▸ **Work to complete**
From the entries below, print exactly the span beginning with the line holding "Stylish young beautiful" and ending with the line holding "A fox hiding", endpoints included, and skip any pictures.
------------
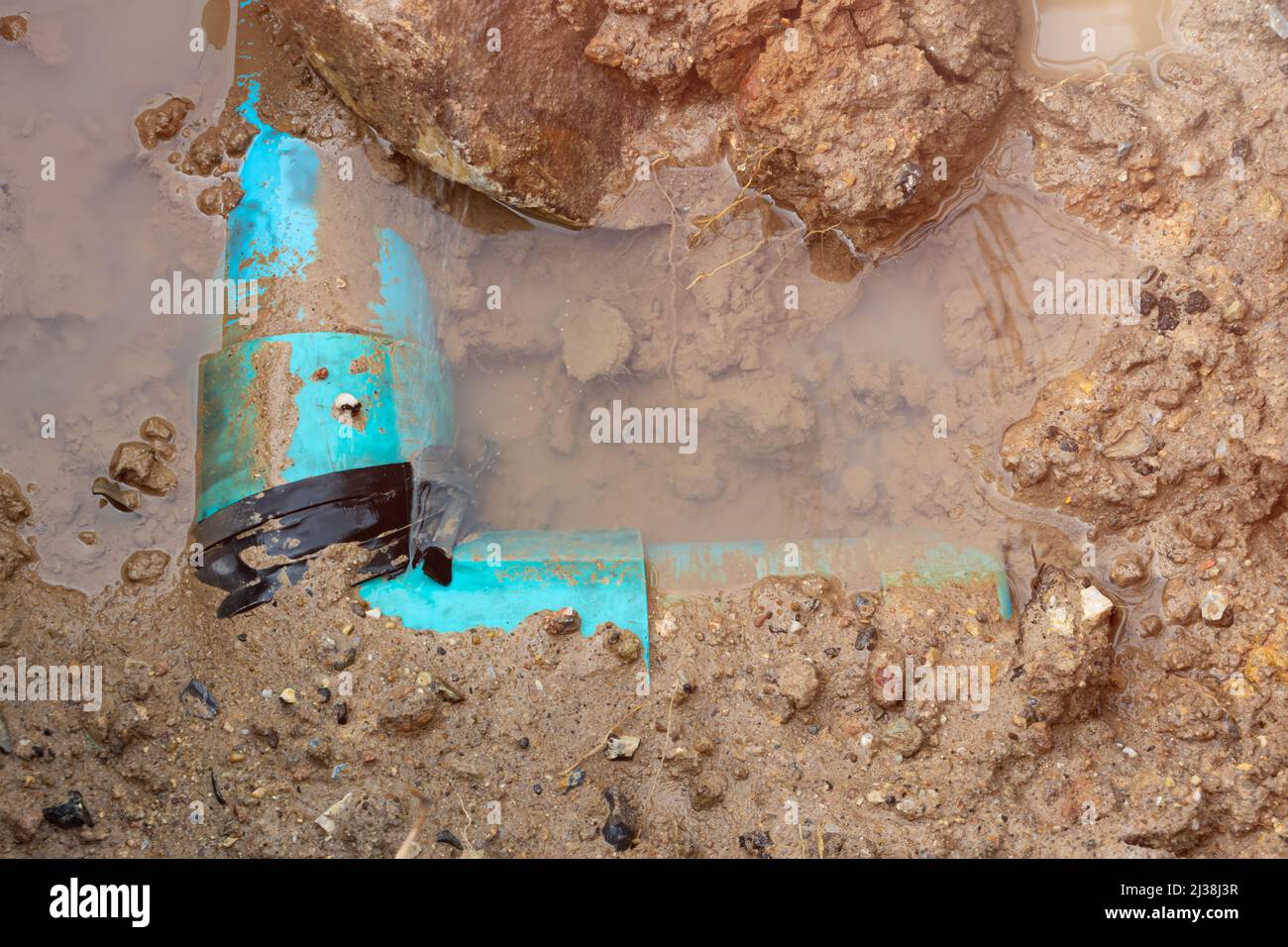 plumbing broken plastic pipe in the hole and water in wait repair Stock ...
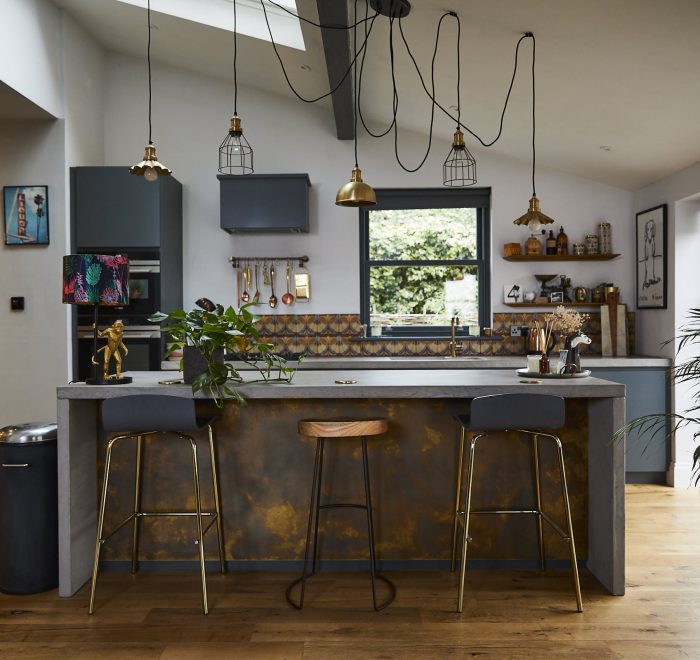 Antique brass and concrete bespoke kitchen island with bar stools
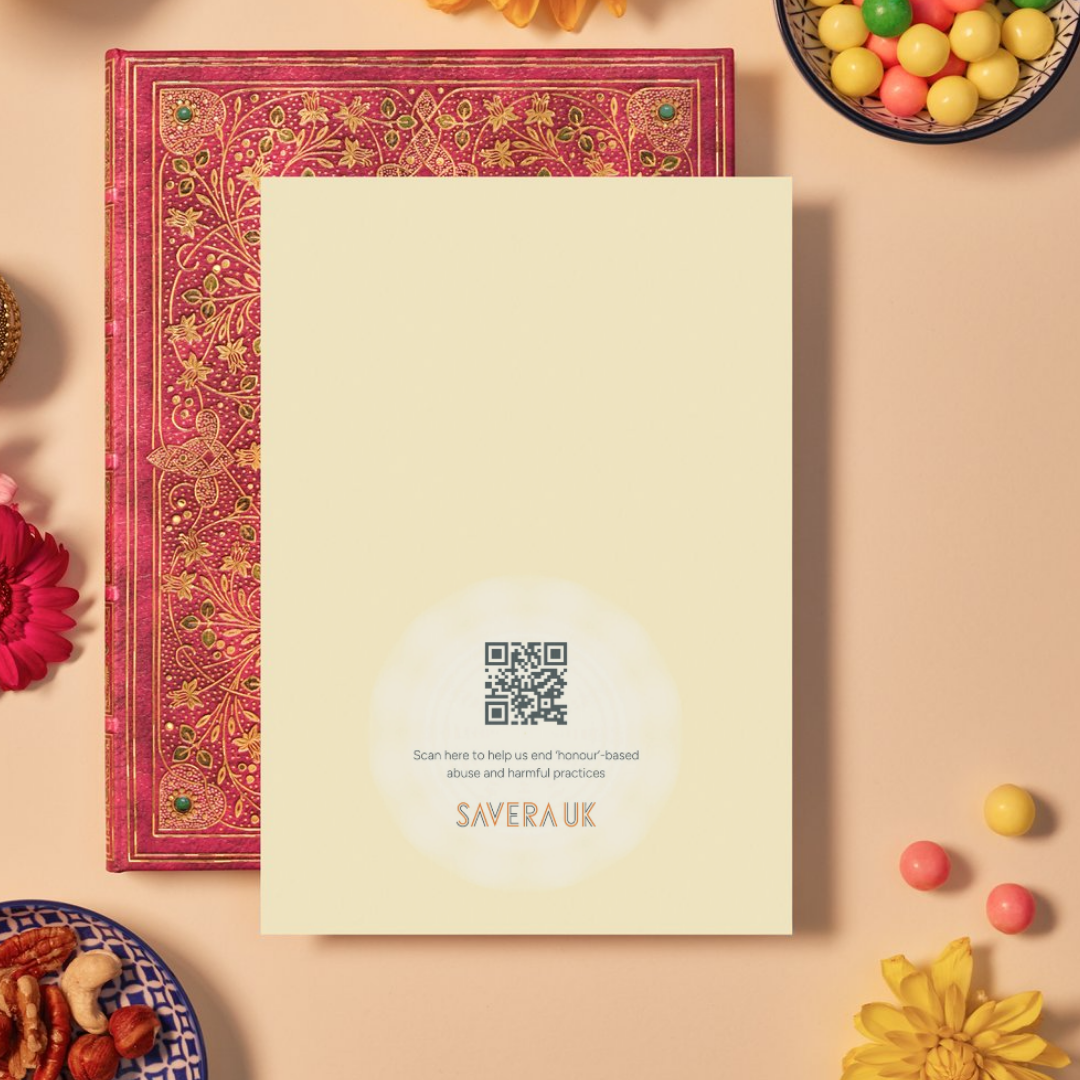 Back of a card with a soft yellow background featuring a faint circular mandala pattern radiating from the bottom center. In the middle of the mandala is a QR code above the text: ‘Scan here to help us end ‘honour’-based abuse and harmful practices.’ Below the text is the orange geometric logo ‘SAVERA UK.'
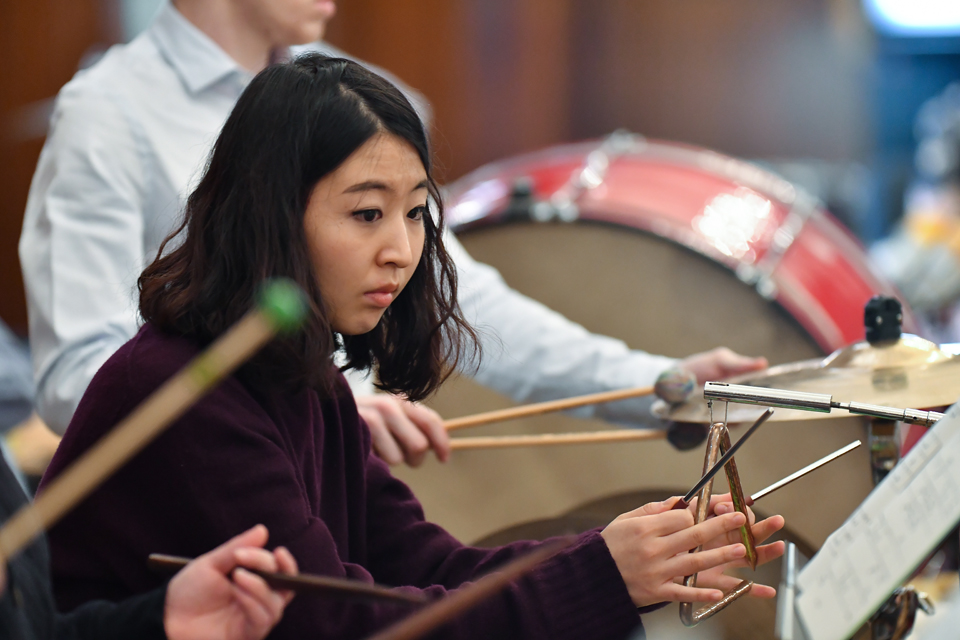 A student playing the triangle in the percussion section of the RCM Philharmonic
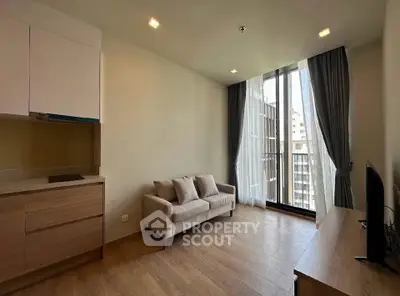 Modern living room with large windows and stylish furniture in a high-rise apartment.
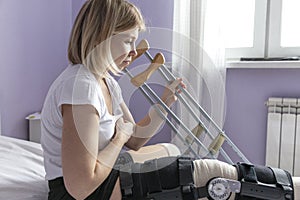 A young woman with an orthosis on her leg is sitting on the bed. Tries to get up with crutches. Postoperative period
------------
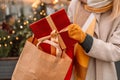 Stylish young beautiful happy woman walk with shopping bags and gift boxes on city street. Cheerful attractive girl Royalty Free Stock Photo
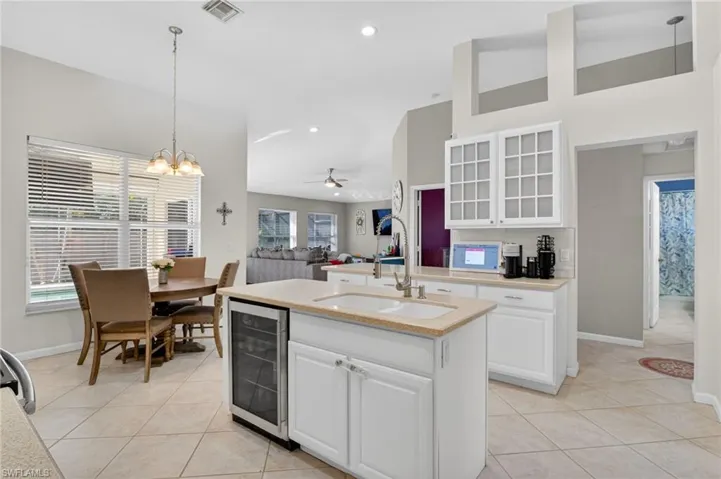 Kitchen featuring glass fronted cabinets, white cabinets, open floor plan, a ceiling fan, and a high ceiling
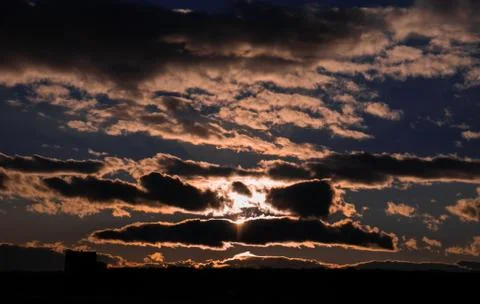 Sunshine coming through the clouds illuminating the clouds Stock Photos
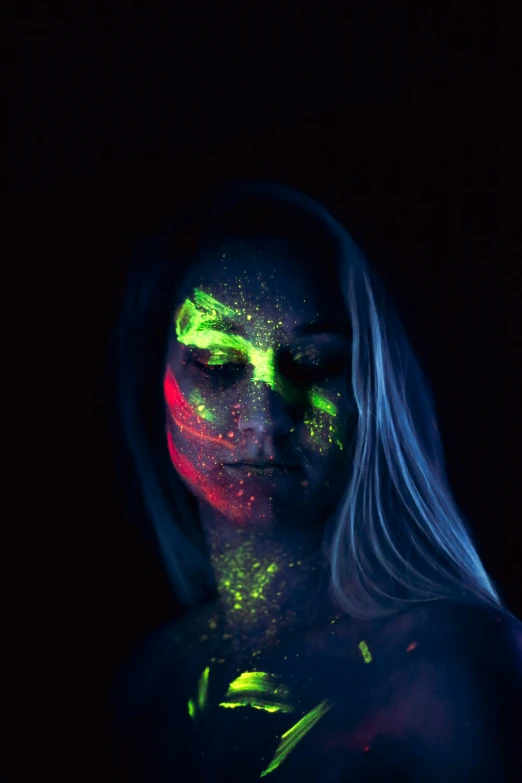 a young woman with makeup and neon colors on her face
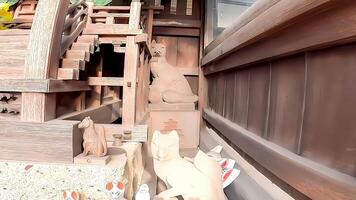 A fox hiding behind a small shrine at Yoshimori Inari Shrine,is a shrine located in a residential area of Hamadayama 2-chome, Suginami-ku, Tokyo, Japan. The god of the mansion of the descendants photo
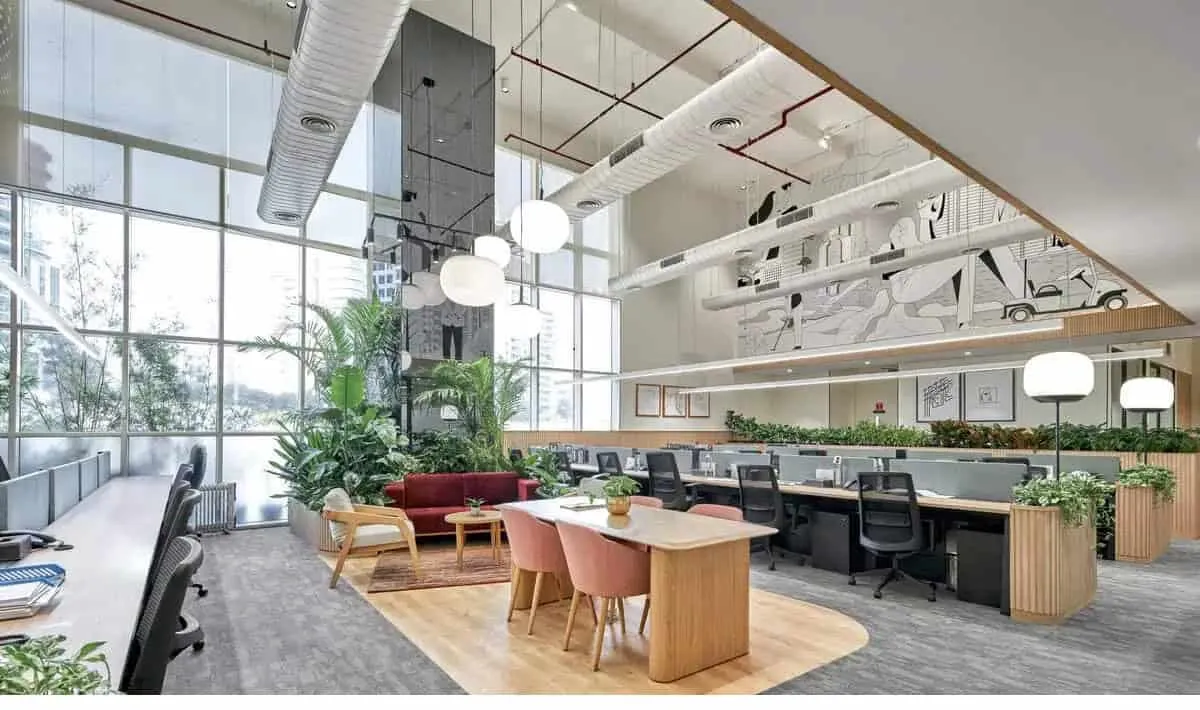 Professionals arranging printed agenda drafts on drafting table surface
------------
▸ **Output of the exercise**
 Stylish young beautiful happy woman walk with shopping bags and gift boxes on city street. Cheerful attractive girl Royalty Free Stock Photo
 Kitchen featuring glass fronted cabinets, white cabinets, open floor plan, a ceiling fan, and a high ceiling
 Sunshine coming through the clouds illuminating the clouds Stock Photos
 a young woman with makeup and neon colors on her face
 A fox hiding behind a small shrine at Yoshimori Inari Shrine,is a shrine located in a residential area of Hamadayama 2-chome, Suginami-ku, Tokyo, Japan. The god of the mansion of the descendants photo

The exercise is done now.